The former first lady has overtaken the number one spot in a poll of the world's most admired women. Conducted by online research firm YouGov, the study uses international polling tools to survey people in countries around the world about who they most admire.

In the men's category, Bill Gates took the top spot, followed by Barack Obama and Jackie Chan.

In the women's category, Michelle Obama came first, followed by Oprah Winfrey and Angelina Jolie. Obama pushed Jolie out of the number one spot she claimed last year.

Unsurprising, really, because what's not to love about Michelle Obama? She is smart, kind, funny, accomplished, a great dancer, a devoted wife and mother, and an all-around, genuinely good person.
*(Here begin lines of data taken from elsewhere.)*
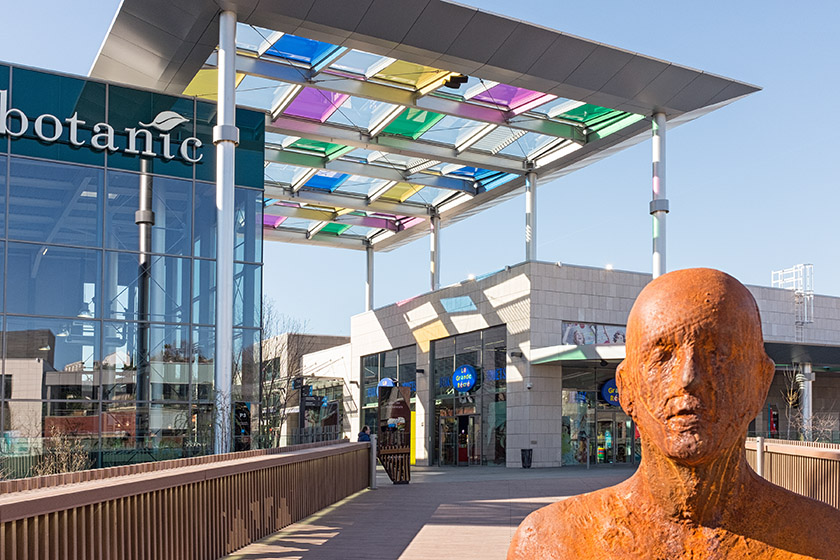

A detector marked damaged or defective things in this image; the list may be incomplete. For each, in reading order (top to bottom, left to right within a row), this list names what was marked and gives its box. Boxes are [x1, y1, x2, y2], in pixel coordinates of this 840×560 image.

weathered rust surface [508, 270, 840, 556]
rusted iron sculpture [508, 270, 840, 556] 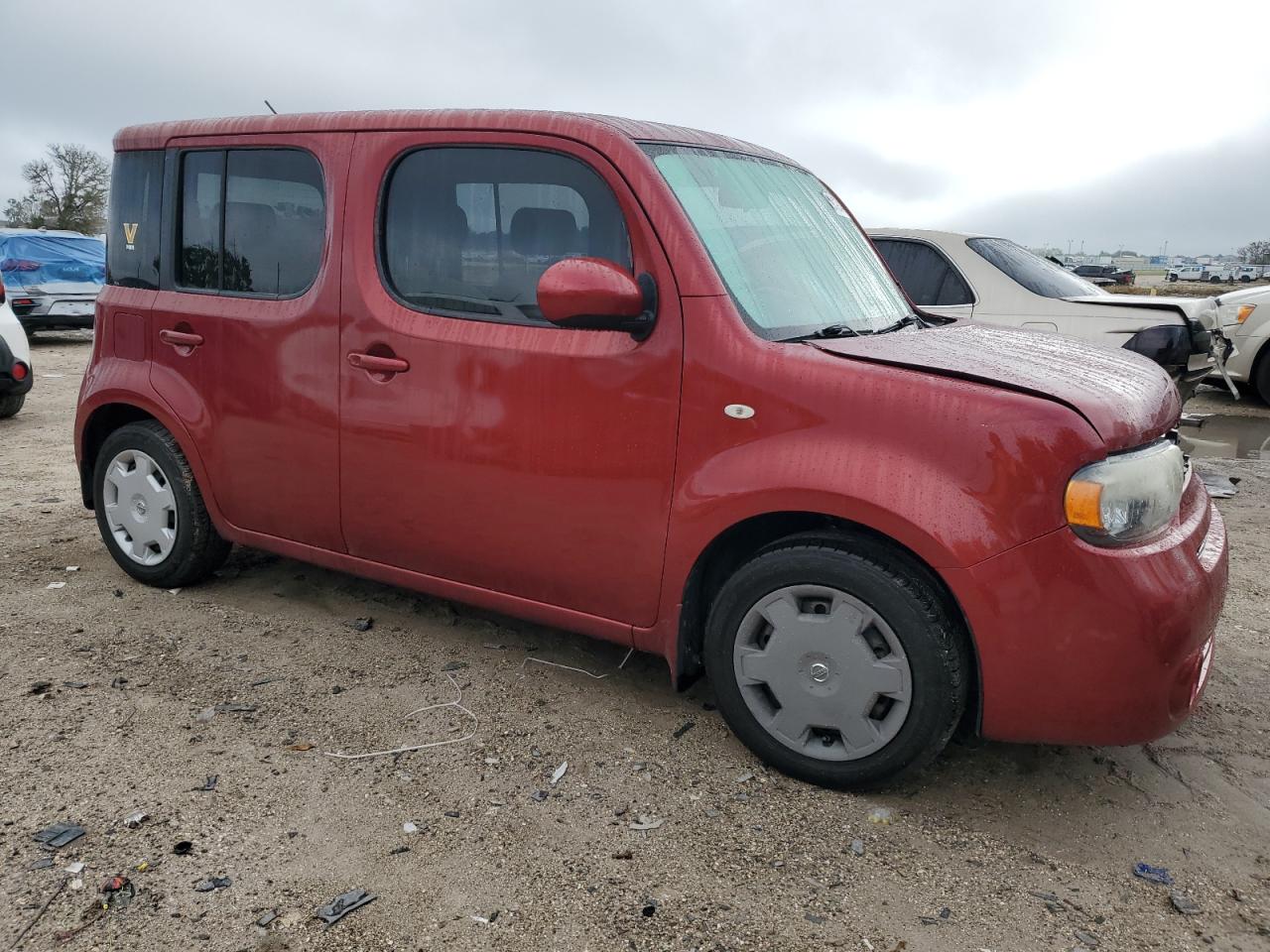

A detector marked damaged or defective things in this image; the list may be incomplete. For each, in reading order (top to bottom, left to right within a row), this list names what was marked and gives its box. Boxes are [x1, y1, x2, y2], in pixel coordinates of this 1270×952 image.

car with damaged front end [73, 111, 1223, 791]
damaged white car [873, 230, 1229, 404] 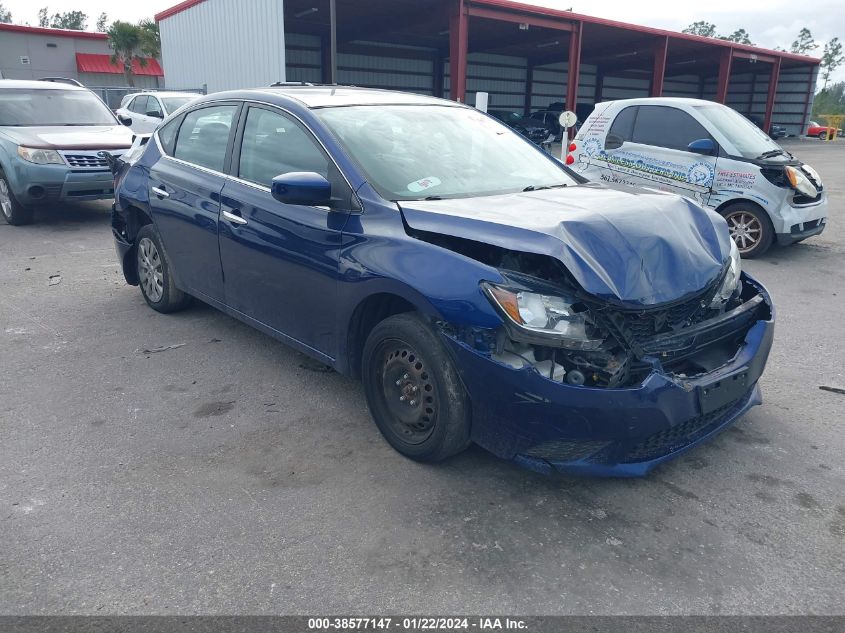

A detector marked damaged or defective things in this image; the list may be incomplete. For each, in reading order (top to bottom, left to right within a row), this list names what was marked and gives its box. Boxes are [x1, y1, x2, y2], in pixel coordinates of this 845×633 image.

damaged blue sedan [113, 86, 780, 476]
cracked hood [398, 183, 732, 306]
crushed front bumper [446, 274, 776, 476] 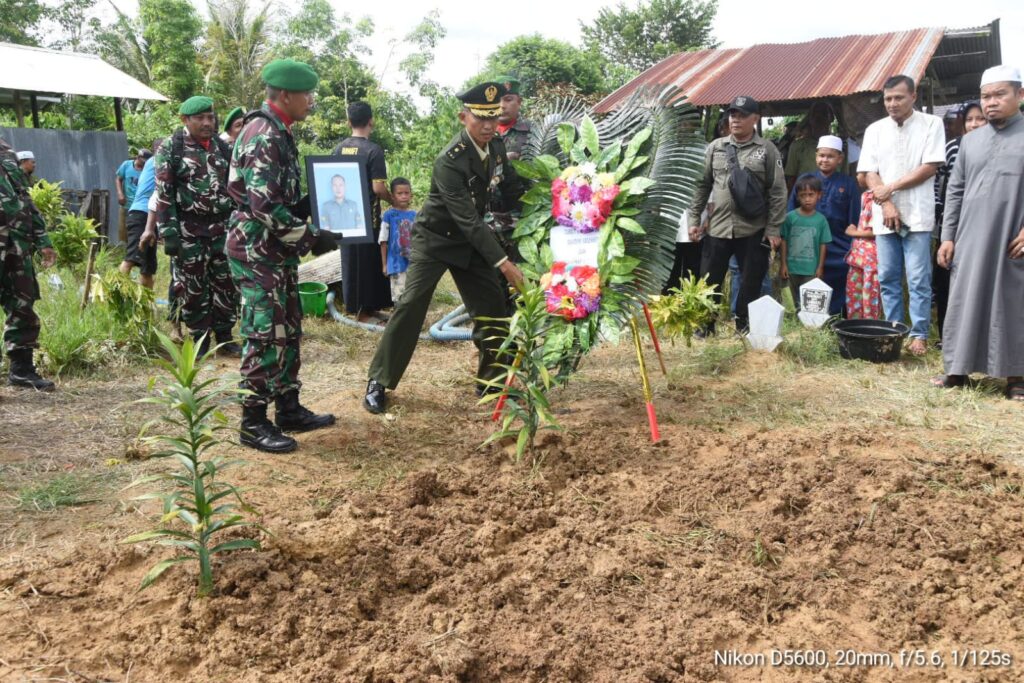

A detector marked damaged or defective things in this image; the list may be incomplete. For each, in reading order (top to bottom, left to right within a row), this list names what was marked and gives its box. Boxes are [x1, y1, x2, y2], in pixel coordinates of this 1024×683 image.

rusty roof sheet [598, 26, 942, 112]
She has remained dignified and strong in the face of rabid masses of so-called Americans who spent eight years and beyond insisting that she's a man disguised as a woman. She's endured non-stop racist memes and terrifying threats to her family. She has received far more than her fair share of cruelty, and always takes the high road. She's the one who coined, "When they go low, we go high," after all.

She came from humble beginnings and remains down to earth despite becoming a familiar face around the world. She's not much older than me, but I still want to be like Michelle Obama when I grow up.

Her memoir, Becoming, may end up being the best-selling memoir of all time, having already sold 10 million copies—a clear sign that people can't get enough Michelle, because there's no such thing as too much Michelle.

Don't like Michelle Obama? Don't care. Those of us who love her will fly our MO flags high and without apology, paying no mind to folks with cold, dead hearts who don't know a gem of a human being when they see one. There is nothing any hater can say or do to make us admire this undeniably admirable woman any less.

When it seems like the world has lost its mind—which is how it feels most days these days—I'm just going to keep coming back to this study as evidence that hope for humanity is not lost.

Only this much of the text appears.